After using weight of evidence & Information value mechanism, of the 40 odd variables I am left with 8 variables which are highly or moderately significant.
One of the independent variable which is categorical has 60+ categories. This is a very highly predictable variable hence please suggest as to how should I
use this variable in the model.
When I add this variable in the model my null deviance and AIC decreases and makes other predictors loose their predictive power.
Then another model without this variable my null deviance and AIC improves.
What could be the reason. Is this variable collinear with some other predictor.
Please see the syntax: < Without that Categorical Var>
m1.logit<- glm(survey ~ region+ know + repS+ und+ case_status, family = binomial(logit), data = a1 )
m1.logit
summary(m1.logit)
Call:
glm(formula = survey ~ region + know + repS + und + case_status,
family = binomial(logit), data = a1)
Deviance Residuals:
` Min 1Q Median 3Q Max`
-2.579 0.271 0.290 0.336 2.895
Signif. codes: 0 ‘***’ 0.001 ‘**’ 0.01 ‘*’ 0.05 ‘.’ 0.1 ‘ ’ 1
(Dispersion parameter for binomial family taken to be 1)

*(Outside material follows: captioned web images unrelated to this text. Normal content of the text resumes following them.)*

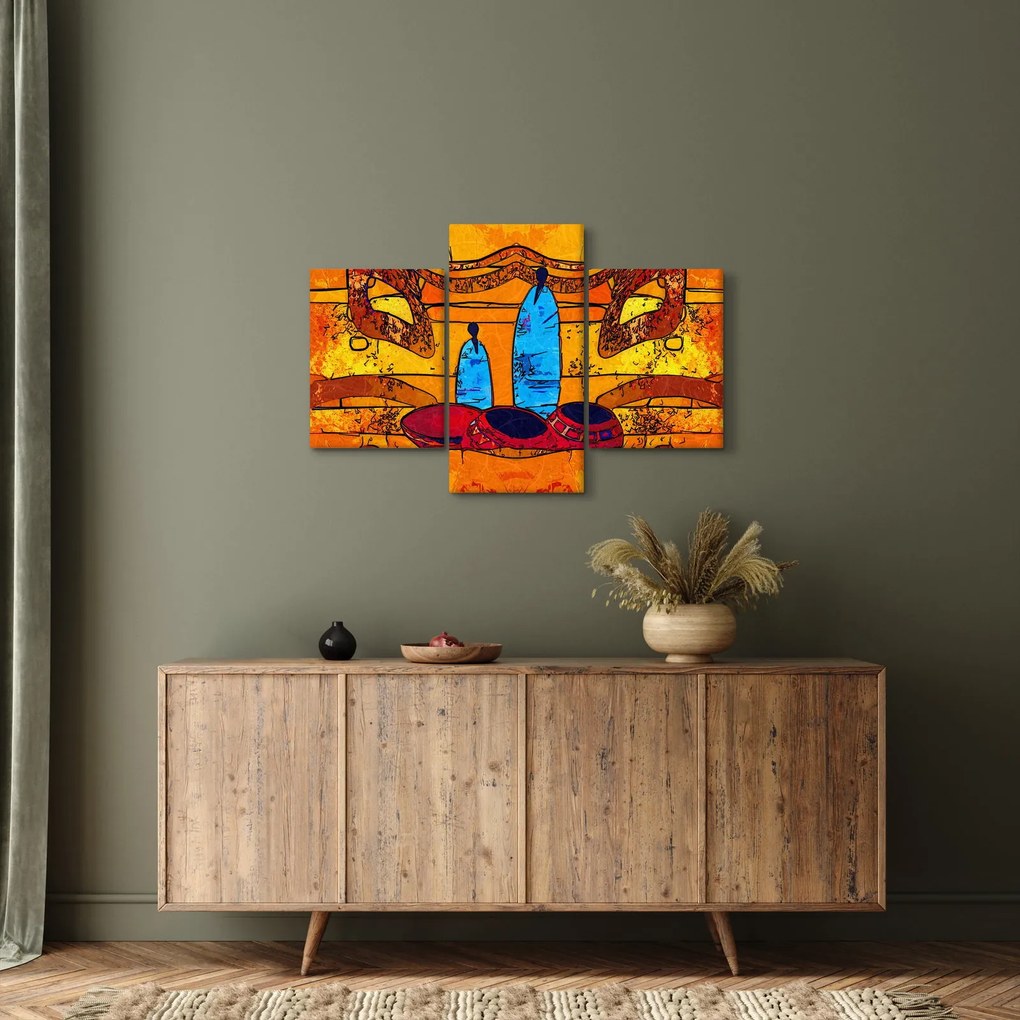 Kép - Ősi festészet (90x60 cm)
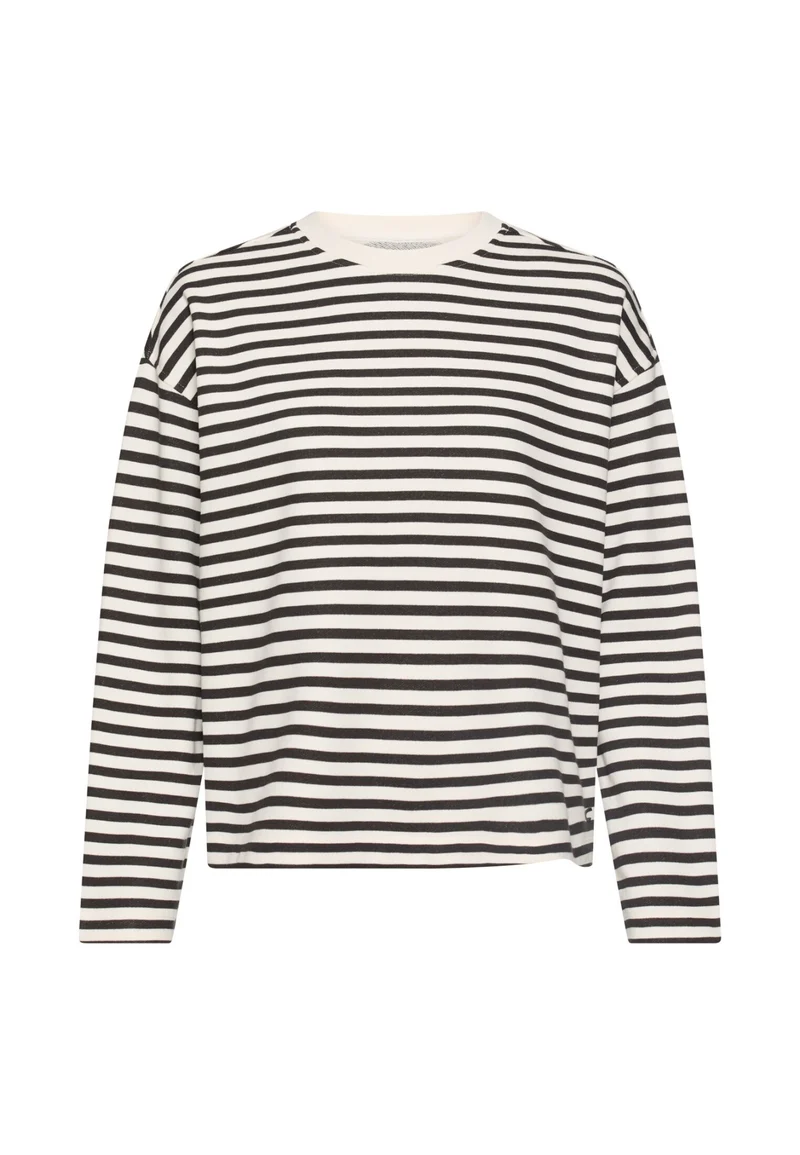 Sweatshirt mit Streifenmuster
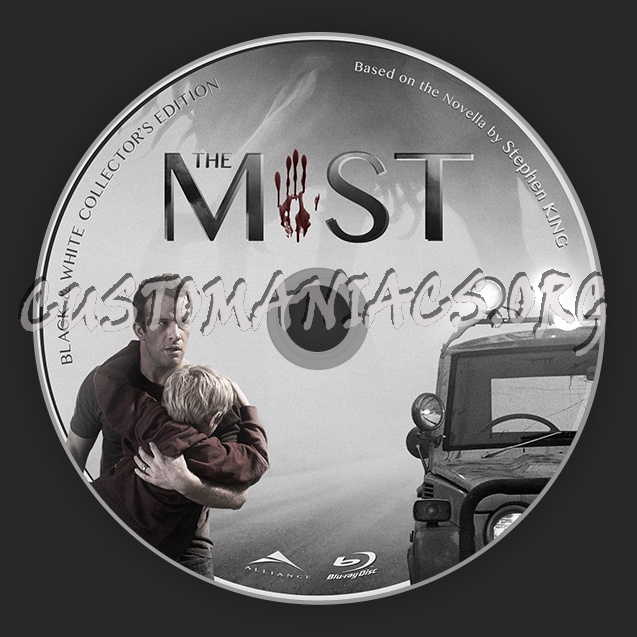 The Mist blu-ray label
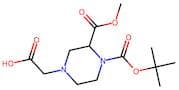 2-(4-(tert-Butoxycarbonyl)-3-(methoxycarbonyl)piperazin-1-yl)acetic acid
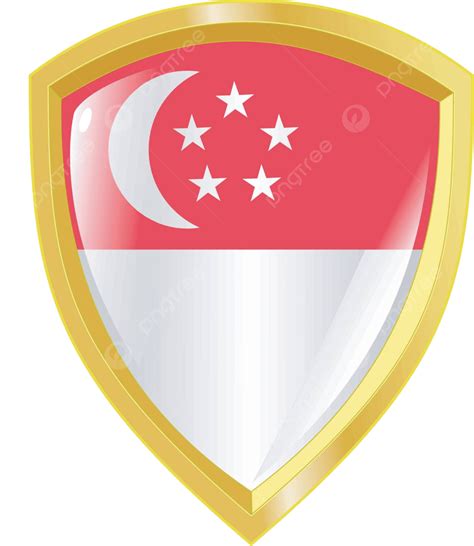 Lambang Lambang Negara Singapura Vektor Negara Simbol Lengan Png Dan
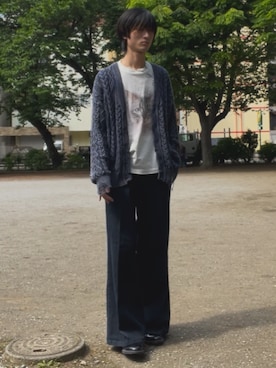 「Maison MIHARA YASUHIRO（メゾンミハラヤスヒロ）のアイテム」を使った、たーさん（メンズ・180cm）の春コーディネート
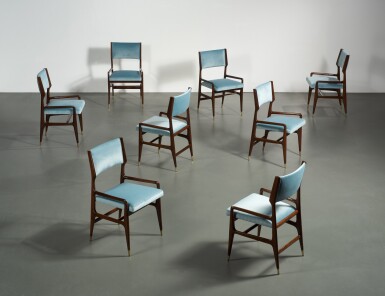 View full screen - View 1 of Lot 34. Eight chairs, model n. 676.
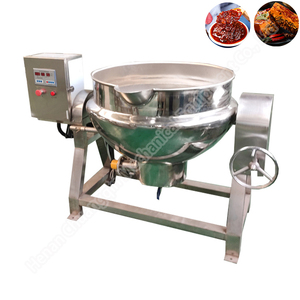 Tilting Steam Jacketed Kettle Double Jacketed Kettle With Agitator Induatrial Cooking Kettle - Product Image 4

Null deviance: 2553.5 on 2540 degrees of freedom
Residual deviance: 1287.7 on 2526 degrees of freedom
AIC: 1318
Number of Fisher Scoring iterations: 13
Also ran an anova test to analyze the table of deviance
anova(m1.logit, test="Chisq")
Analysis of Deviance Table
Model: binomial, link: logit
Response: survey
Terms added sequentially (first to last)
Df Deviance Resid. Df Resid. Dev Pr(>Chi)
NULL 2540 2554
region 5 13 2535 2540 0.022 *
know 1 507 2534 2033 < 0.0000000000000002 ***
repS 1 715 2533 1319 < 0.0000000000000002 ***
und 1 3 2532 1316 0.109
case_status 6 28 2526 1288 0.000078 ***
Signif. codes: 0 ‘***’ 0.001 ‘**’ 0.01 ‘*’ 0.05 ‘.’ 0.1 ‘ ’ 1
Please suggest as to how to deal with this predictor variable with 50+ categories
Best Answer
You can create small bins based on event rate and reduce it say 5-10 bins to make it more stable. This will require the bivariate analysis against the target class and also analyzing the proportion of population among different categories. If after binning, some of your predictors become non-significant, you can remove them. You might need to have multiple iterations to come up with final model selection based on your objective.